◆ **Source data**:
▶

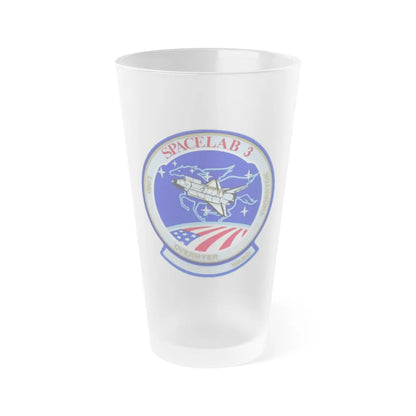 STS 51 b (NASA) Frosted Pint Glass 16oz-Go Mug Yourself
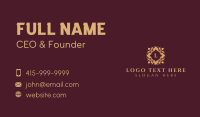 Premium Luxury Ornament Business Card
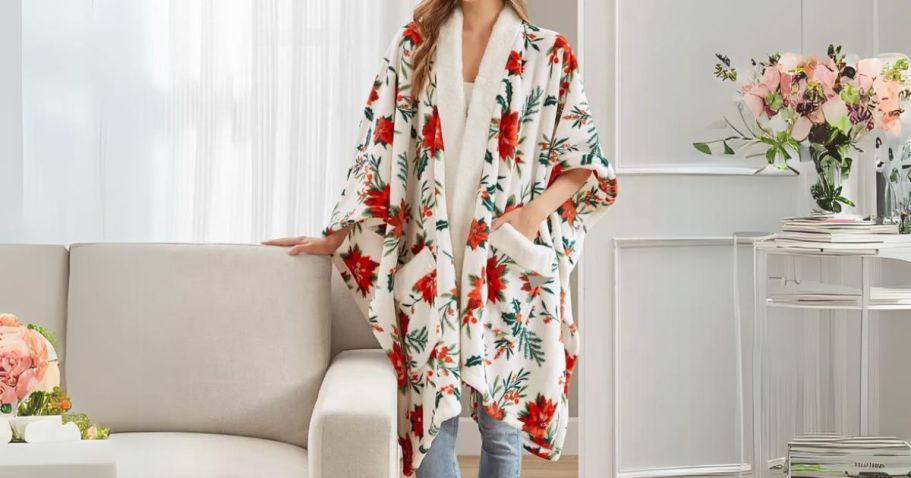 Charter Club Plush Wrap Only $11.99 on Macys.online (Reg. $30)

◀

◆ **Exercise requirements**: In your copy of the material, match every word exactly and include no pictures.

◆ **Written response**:
 STS 51 b (NASA) Frosted Pint Glass 16oz-Go Mug Yourself
 Premium Luxury Ornament Business Card
 Charter Club Plush Wrap Only $11.99 on Macys.online (Reg. $30)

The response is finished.